If you want to connect as thufir to remote server, then, yes, on the remote server you need to create user thufir, add it to sudoers, then put your public key to the .ssh/authorized_keys of the new user and then you will be able to connect through

ssh thufir@remotehost

or, suggesting you are logged on as thufir to your local box, through

ssh remotehost

The same ssh public key can be used to as an authentication key for multiple users on the same system as well as multiple systems.

Simply used ssh-copy-id to send your public key to the remote host. In the case of the ubuntu user, you will need a copy of the private key and use ssh-copy-id ubuntu@aws which will copy your default ssh public key to the ubuntu user's ~/.ssh/authorized_keys file.

The following diagram is meant to be illustrative only, showing the same public key copied to multiple hosts and users.

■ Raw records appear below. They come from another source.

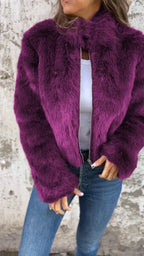 Fashion Stand Collar Plush Jacket Winter Casual Turtleneck Zipper Coat Fleece Tops Women's Clothing - DanaFashionstore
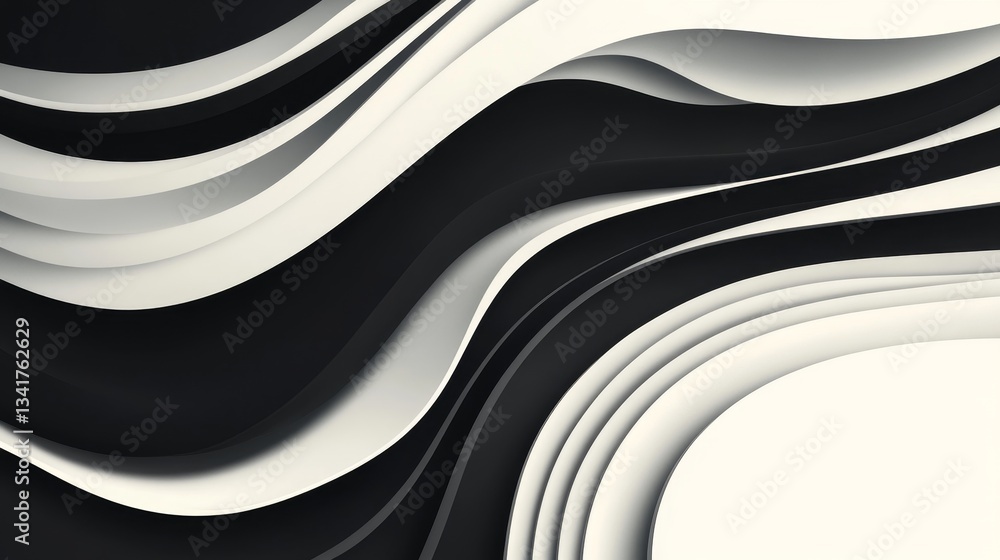 Poster abstract waves in black and white flowing smoothly, creating a modern artistic backdrop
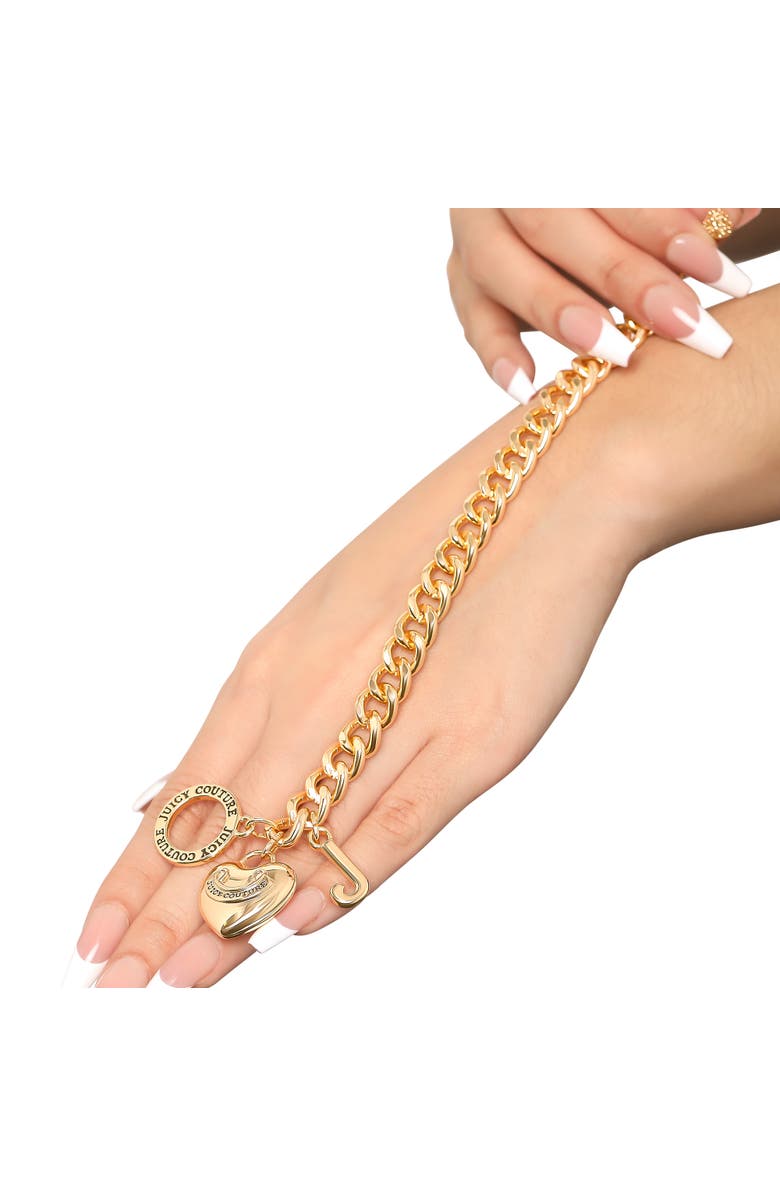 Juicy Couture Toggle Bracelet with Crystal Heart Charm, Alternate, color, Gold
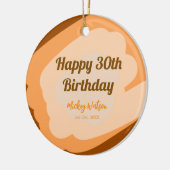 ハロウィン 秋 30歳の誕生日 ラスティック ウッド セラミックオーナメント (左)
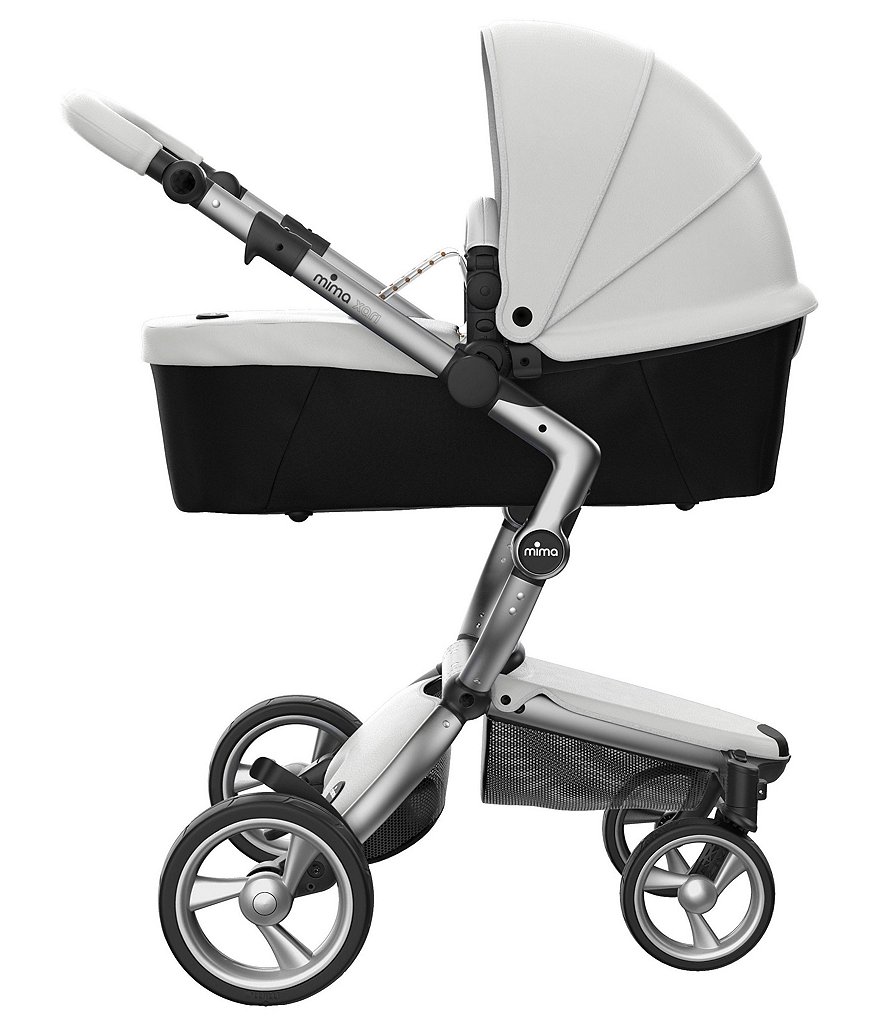 Mima Xari Stroller - Aluminum Chassis with Snow White Reversible Seat and Carrycot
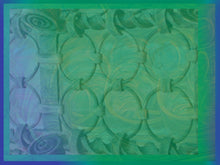 Load image into Gallery viewer, Green abstract art with blue features depth. Messages for health, well-being, harmony &amp; abundance are shown in this joyful art also with symbols.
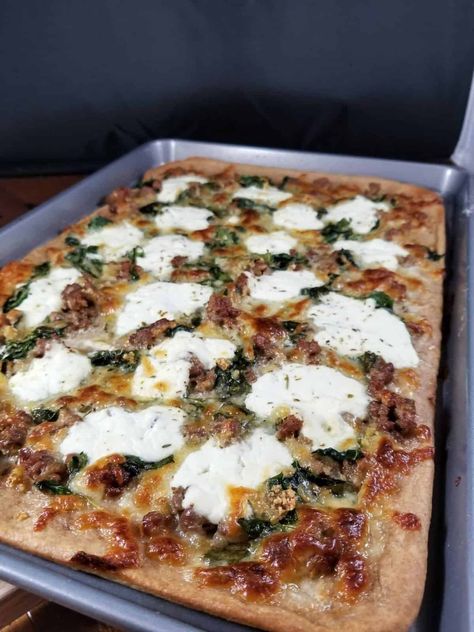 Sausage, Garlic and Ricotta Pizza + Allie's Wheat Pizza Dough Recipe - Sip and Spice Sausage And Ricotta Pizza, Sausage Ricotta Pizza, Sausage Pizza Ideas, Italian Sausage Pizza Recipes, Ricotta Pizza Recipes, Specialty Pizza Ideas, Sausage Pizza Recipes, Pizza Topping Ideas, Italian Sausage Pizza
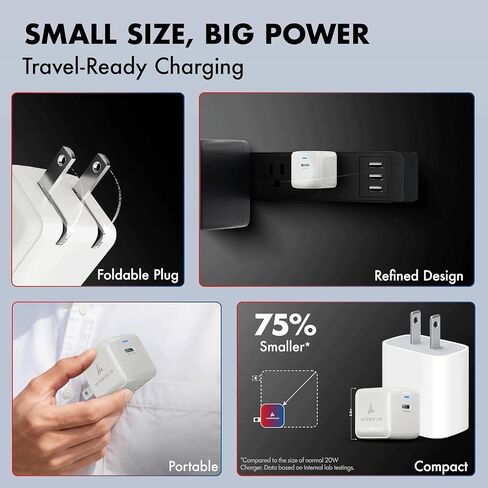 PD 20W GaN Charger, Wozoyo Type-C Fast Charger Compatible for iPhone 17/16/16 Pro Max/15 Series/iPad Pro, Smartphones & Tablets, QC 3.0,Compact Foldable Plug Design, Smart Power Delivery in Kuwait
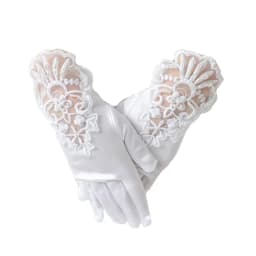 Girl Pearl Short Lace Bow Children Princess Dance Dress Glove Kids White Elastic Spandex Satin Party Formal Etiquette Mitten G79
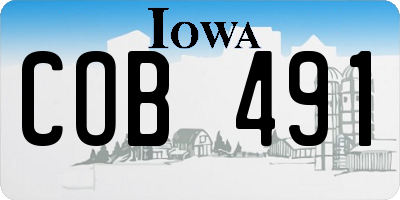 IA license plate COB491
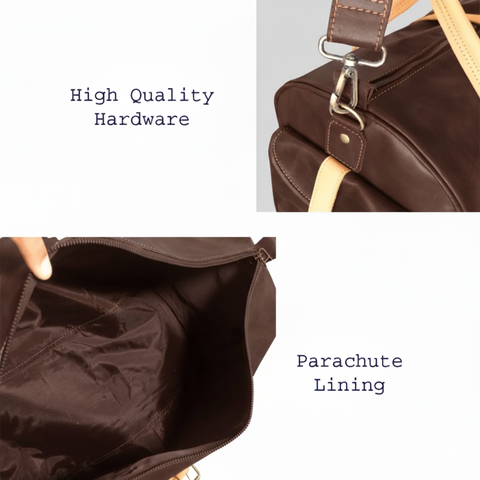 Choco & Tan Leather Duffel Bag Premium Travel Overnight Holdall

     | aws:/home/thufir/.ssh/authorized_keys |
     | ssh-rsa AAAA... user10@host           |
            ssh-copy-id  |      .---------------------------------------.
                         |      | aws:/home/ubuntu/.ssh/authorized_keys |
                     .---'      |---------------------------------------|
                     |          | ssh-rsa AAAA... user10@host           |
                     |          '---------------------------------------'
                     |                              ^
 .---------------------------------------.          |
 |    local:/home/user10/.ssh/id_rsa     |          |  ssh-copy-id
 |              Private Key              |          |
 |---------------------------------------|          | 
 |      BEGIN RSA PRIVATE KEY            |----------.
 | Proc-Type: 4,ENCRYPTED                |          |
 | DEK-Info: AES-                        |          |  ssh-copy-id
 '---------------------------------------'          |
                     |                              v  
                     |          .---------------------------------------.
                     '---.      | aws2:/home/user5/.ssh/authorized_keys |
                         |      |---------------------------------------|
                         |      | ssh-rsa AAAA... user10@host           |
            ssh-copy-id  |      '---------------------------------------'
    |    aws2:/root/.ssh/authorized_keys     |
    | ssh-rsa AAAA... user10@host            |
  • 1
    I guess it is better to say "id_rsa.pub" and "Public Key" on the diagram, otherwise it may be mistakely read as "private key is being copied to remote hosts", which is incorrect and may be misleading
    – Sasha Che
    May 8, 2020 at 11:35
  • It does seem though that there is a setting that allow any user (user1) to login as any other user2 or user3 if the key of user1 matches, even though the key in not in .ssh/authorized_keys of either user2 or user3. Why would that be?